Please correct me if I'm wrong, but this is my current thinking!
Will I get the behavior I want if I create each of the recursive function calls as TBB tasks instead of using parallel_for's? At the top of the tree I would spawn() a task for each of my octrees to kickstart the parallel recursive traversals. Inside of the recursive functions I would spawn_and_wait() because of tree dependencies.
Would this create more of a depth-first behavior, or what other design pattern must I use?
If I interpret this correctly (and it is not very clear to me so I have to speculate somewhat), you issued a (conceptual) execution tree that includes the vector's parallel execution as well as each of its elements' trees, in the form of a parallel_for() on the vector and a recursive parallel traversal of the tree in each element. TBB does not distinguish those two levels, and does a bona fide depth-first execution. This is optimal for throughput performance, and it should also produce results quickly for individual elements, although at unpredictable locations throughout the vector. Is this interpretation correct?
If you want to improve apparent performance by quickly producing finished results for a prefix of the vector, you can easily use parallel_do() over the vector instead, although this may slightly increase the total time.
It's not clear which problem you try to address by reducing the number of octrees traversed concurrently. But the simplest way to do that, I think, is to run the outermost loop over trees serially, thus traversing one octree at a time.
If you want some degree of parallelism at the outer level, just not the maximal degree, there are two options I can think of:
1) Set the grain size for the outermost parallel_for to be 1/2 (or 1/4) of the number of trees by e.g. blocked_range<int>(0, N, N/2). Thus you will have each half (or quarter) of the vector processed serially, and so no more than 2 (or 4) trees traversed at the same time.
2) If you want to traverse the trees closer to their serial order, or maybe want to process 3 or 5 trees at a time (which you *will not* achieve with blocked_range<int>(0,N,N/3)), then parallel_pipeline can be used. The first *serial* stage would just iterate over the vector, get the next tree, and pass it down; the second *parallel* stage would do the traversal of the received tree.

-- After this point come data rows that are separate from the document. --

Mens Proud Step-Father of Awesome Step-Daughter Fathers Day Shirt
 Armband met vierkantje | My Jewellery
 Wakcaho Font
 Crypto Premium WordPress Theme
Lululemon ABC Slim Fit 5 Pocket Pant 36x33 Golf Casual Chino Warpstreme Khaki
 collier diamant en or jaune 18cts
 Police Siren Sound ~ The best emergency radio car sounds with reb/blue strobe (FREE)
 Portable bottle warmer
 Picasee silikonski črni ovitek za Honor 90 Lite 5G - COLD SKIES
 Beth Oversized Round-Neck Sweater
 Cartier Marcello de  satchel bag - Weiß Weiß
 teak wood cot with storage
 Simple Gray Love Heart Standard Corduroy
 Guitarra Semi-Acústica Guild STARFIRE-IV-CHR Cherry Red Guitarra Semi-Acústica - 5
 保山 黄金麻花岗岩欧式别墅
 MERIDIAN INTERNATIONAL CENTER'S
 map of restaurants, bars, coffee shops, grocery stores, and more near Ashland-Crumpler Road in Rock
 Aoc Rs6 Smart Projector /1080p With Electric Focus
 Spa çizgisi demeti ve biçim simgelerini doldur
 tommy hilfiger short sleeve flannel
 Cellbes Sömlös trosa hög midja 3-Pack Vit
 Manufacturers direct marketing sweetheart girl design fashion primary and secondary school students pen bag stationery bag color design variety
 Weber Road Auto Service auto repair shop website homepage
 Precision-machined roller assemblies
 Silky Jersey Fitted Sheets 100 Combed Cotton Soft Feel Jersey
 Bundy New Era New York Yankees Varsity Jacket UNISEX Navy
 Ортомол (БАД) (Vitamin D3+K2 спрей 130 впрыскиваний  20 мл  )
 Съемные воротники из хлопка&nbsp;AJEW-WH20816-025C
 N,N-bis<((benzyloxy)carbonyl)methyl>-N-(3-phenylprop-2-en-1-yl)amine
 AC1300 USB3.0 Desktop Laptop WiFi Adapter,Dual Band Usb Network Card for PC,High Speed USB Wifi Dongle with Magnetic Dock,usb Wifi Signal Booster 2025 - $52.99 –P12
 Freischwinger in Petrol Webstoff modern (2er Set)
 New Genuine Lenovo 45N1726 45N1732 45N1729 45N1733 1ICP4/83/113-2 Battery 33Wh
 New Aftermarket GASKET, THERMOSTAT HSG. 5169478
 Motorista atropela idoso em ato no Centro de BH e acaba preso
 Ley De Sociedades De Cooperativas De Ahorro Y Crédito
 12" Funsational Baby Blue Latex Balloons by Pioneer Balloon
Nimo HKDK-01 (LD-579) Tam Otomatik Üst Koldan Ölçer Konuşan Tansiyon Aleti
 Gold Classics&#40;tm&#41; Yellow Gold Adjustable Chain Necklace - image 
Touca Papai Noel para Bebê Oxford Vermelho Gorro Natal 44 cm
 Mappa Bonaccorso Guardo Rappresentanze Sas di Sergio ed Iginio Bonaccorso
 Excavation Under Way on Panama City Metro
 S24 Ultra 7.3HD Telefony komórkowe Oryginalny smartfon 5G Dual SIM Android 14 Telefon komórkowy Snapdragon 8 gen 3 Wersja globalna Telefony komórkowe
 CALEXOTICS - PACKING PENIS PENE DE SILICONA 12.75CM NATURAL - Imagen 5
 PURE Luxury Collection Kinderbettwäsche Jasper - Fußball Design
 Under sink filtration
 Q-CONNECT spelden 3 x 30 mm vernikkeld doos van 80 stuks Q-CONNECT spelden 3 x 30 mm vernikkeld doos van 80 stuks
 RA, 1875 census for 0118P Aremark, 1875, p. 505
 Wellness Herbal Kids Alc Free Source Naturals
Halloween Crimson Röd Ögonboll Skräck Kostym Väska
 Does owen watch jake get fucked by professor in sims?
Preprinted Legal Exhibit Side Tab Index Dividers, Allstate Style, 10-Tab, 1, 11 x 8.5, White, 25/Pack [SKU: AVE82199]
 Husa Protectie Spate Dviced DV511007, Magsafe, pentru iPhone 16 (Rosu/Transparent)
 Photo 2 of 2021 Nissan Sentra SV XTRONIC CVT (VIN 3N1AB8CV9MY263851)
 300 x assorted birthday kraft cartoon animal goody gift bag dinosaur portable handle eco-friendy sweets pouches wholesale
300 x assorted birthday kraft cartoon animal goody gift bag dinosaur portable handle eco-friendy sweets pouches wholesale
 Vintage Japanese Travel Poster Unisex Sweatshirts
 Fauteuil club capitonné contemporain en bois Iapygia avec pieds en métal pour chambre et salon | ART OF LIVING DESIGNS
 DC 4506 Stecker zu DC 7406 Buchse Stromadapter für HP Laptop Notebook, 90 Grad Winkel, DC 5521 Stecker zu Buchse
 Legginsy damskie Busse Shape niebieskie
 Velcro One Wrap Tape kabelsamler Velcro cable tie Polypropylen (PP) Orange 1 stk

The first argument to parallel_pipeline is the max number of items to process at a time, and you might set it to 3 or 5.
Note that in both cases you do not need to modify your parallel traversal procedure at all, unless you want to improve something else.
This has been informative! You have the right idea Raf. Alexey, it's not that I want to reduce the number of trees being traversed concurrently, but that I know there is enough work on one of the trees to keep all of the cores occupied and focused on one tree.There are 5/6 levels of octree and a significant work load at each branch, so there should be enough work for one tree at a time. At the same time I don't want there to be any unoccupied CPU time.
It is pretty fast already, and I'm sure that I am just trying to over-optimize. I think I'll just trust TBB to do the right thing.